Up to $500 billion in value could be unlocked across the GCC by 2030 through real-world asset tokenization, with private markets, equities, and real estate leading adoption as regulation and infrastructure mature across the region.

Nearly $500 billion in addressable value could be unlocked across the Gulf Cooperation Council (GCC) by 2030 through real-world asset (RWA) tokenization, according to new analysis from Kearney, a leading global management consulting firm, in collaboration with Ctrl Alt, a leading provider of end-to-end tokenization solutions for financial institutions and governments.

The regional opportunity comes as tokenization is rapidly shifting from concept to execution.  In a fast-growing global market, on-chain RWAs (excluding stablecoins) have grown from approximately $1.1 billion in early 2023 to nearly $20 billion by January 2026.

Kearney's analysis shows that the GCC’s strongest tokenization potential lies first in private markets and public equities, reflecting the region’s deep participation in alternative investments and sizable listed market activity. Tokenization in these asset classes can expand investor access, enhance liquidity, and modernize investor engagement across the region’s capital markets.

Beyond equities and private assets, significant value can be unlocked across bank deposits, funds, real estate, and commodities. Each offering distinct sector benefits: from real-time settlement and more efficient fund structures to fractional property ownership and enhanced transparency in commodity trading. Together, these asset classes underpin the GCC’s nearly $500 billion tokenization opportunity by the end of the decade.

“Tokenization is gaining traction where it addresses clear market frictions,” said Elias Aad, Partner at Kearney Middle East & Africa - Digital & Analytics Practice. “In private markets, real estate, and funds, investors face illiquidity, high minimum investment thresholds, and complex servicing. Tokenization enables fractional ownership, more efficient fund structures, and streamlined onboarding and settlement. We are already seeing this move into live, regulated use cases across the region, from tokenized funds and a tokenized money market fund in the Dubai International Financial Centre to national real-estate tokenization infrastructure in Saudi Arabia.

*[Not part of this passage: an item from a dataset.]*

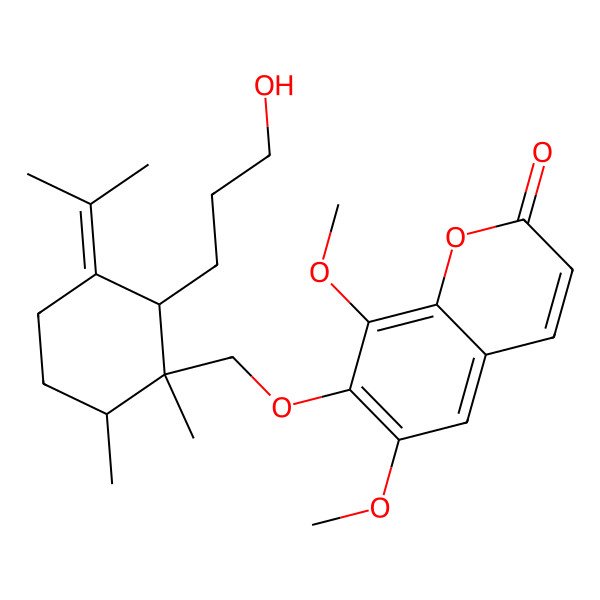 2D Structure of 7-[[(1R,2R,6R)-2-(3-hydroxypropyl)-1,6-dimethyl-3-propan-2-ylidenecyclohexyl]methoxy]-6,8-dimethoxychromen-2-one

That practical impact is why institutions are moving beyond pilots.”

The United Arab Emirates emerged as the region’s execution leader, supported by one of the world’s most advanced and clearly segmented regulatory frameworks for digital assets. This has enabled institutional-grade initiatives to move from pilot to scale, including the Dubai Land Department’s      real estate tokenization project, delivered in collaboration with Ctrl Alt, targeting AED 60 billion in assets by 2033.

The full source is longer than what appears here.